C. Harry Knowles, who passed recently, leaves behind a tremendous legacy: the work of the Knowles Teacher Initiative and hundreds of novice math and science teachers well-equipped and well-supported to teach America’s children.
Harry (as we all knew and addressed him) became wildly successful through engineering and invention. The hand-held barcode scanner? That’s him. When he turned his mind to philanthropy, Harry recognized that his successes could be attributed to his high school math and science teachers. Until the very end of his life, Harry devoted his energy and considerable resources to facilitating the support and development of early-career teachers and empowering experienced education professionals to build programming and make decisions about the best way to realize his vision.
Harry had a specific vision for improving math and science education, and because he trusted in the professional knowledge of teachers and the Knowles staff, the organization has been able to grow from that original vision into something that exceeded his expectations.
Not all philanthropists are able to operate their foundations that way. And, in education, trusting the capacity and knowledge of trained professionals is exceedingly rare. That stance is surely what has made the Knowles Teacher Initiative so successful in striving towards its mission. Harry was a learner, through and through, and was thrilled with the work of Kaleidoscope as we celebrated and showcased the learning of teachers.
Harry recognized the complexity of the teaching profession and noted the ‘depth of both thinking and dedication’ present in our teachers’ stories.
We, in turn, are thrilled to bring the stories in this issue to you. From a math educator in California whose classroom positions students as experts, to a trans teacher in New York who illuminates the parallels between the importance of coming out to his students and his efforts to use anti-racist practices in his classroom, to an educator whose identity as a refugee changes how she sees conflict in schools, we hear stories from unique perspectives that enrich and widen our understanding of schools, students, and the ways that teachers are uniquely positioned to change things for the better.
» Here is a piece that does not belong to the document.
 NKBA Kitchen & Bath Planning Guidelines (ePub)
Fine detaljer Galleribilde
Kaleidoscope is part of Harry’s legacy—our mission to elevate teachers as knowledge generators carries on Harry’s vision for positioning teachers as agents of change in education.
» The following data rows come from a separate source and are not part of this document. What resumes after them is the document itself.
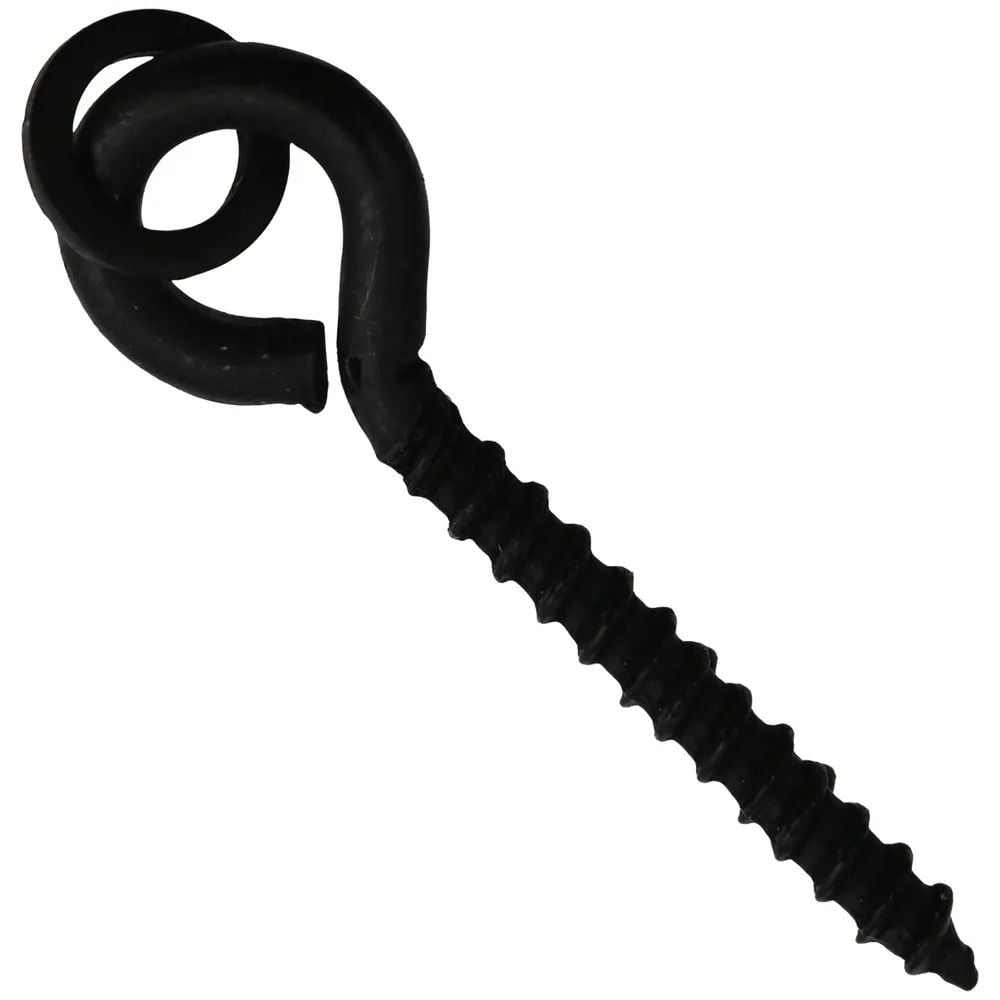 Gardner Covert Long Flexi Bait Screws Yem Vidası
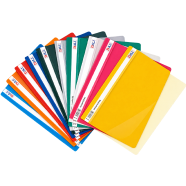 Bili A4 Management Report Cover File - 6 pcs image
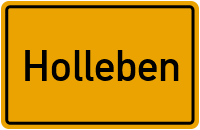Holleben in Sachsen-Anhalt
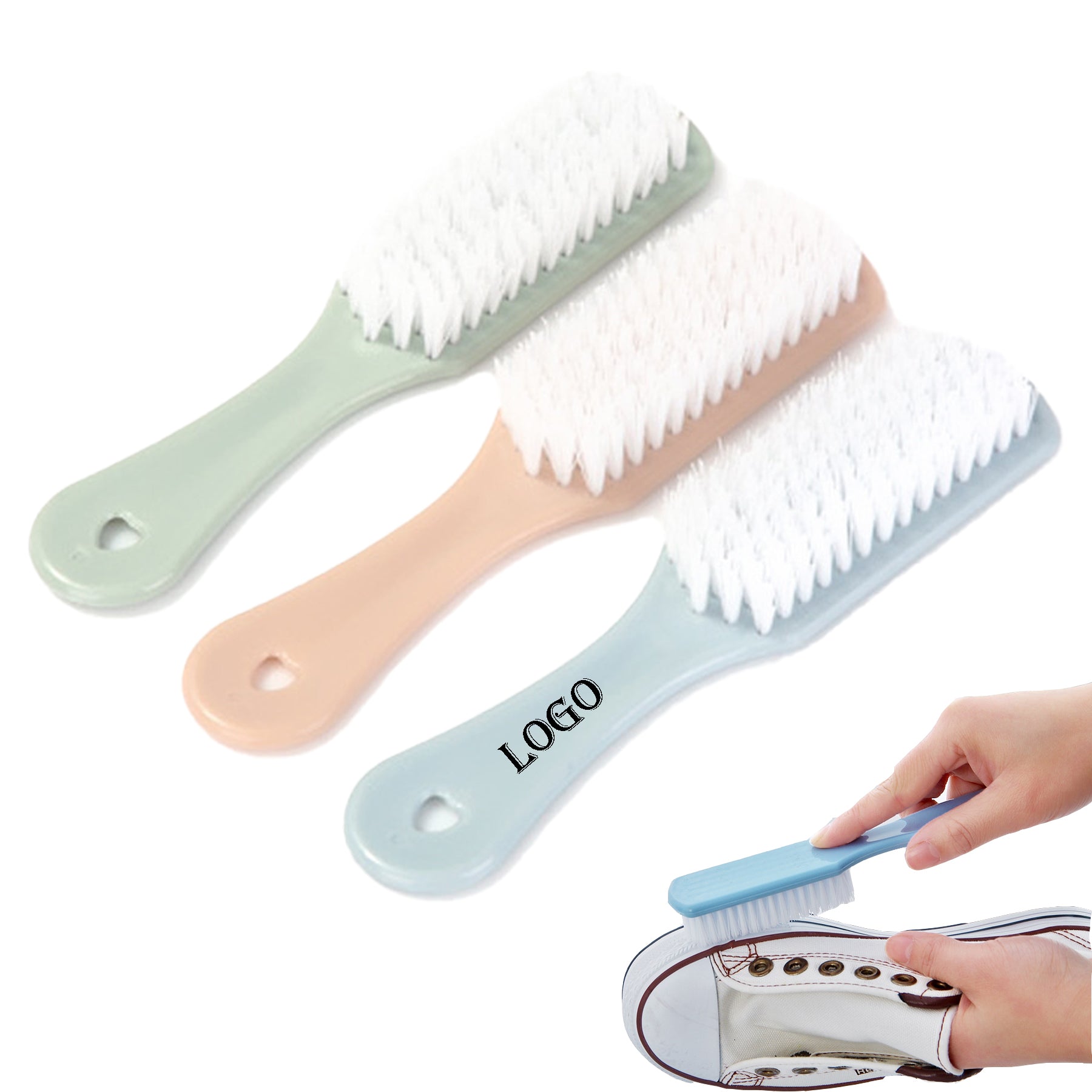 Plastic Shoe Cleaner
Even when we delved into teachers’ stories that explored educational issues beyond teaching math and science, Harry remained our fervent supporter. He would email us after the release of every issue with his thoughts, encouragement, and excited responses to our work.
Harry recognized the complexity of the teaching profession and noted the “depth of both thinking and dedication” present in our teachers’ stories. And he celebrated with us, as we hope you will, the showcasing of “why we are doing what we are doing…and what Knowles is all about.”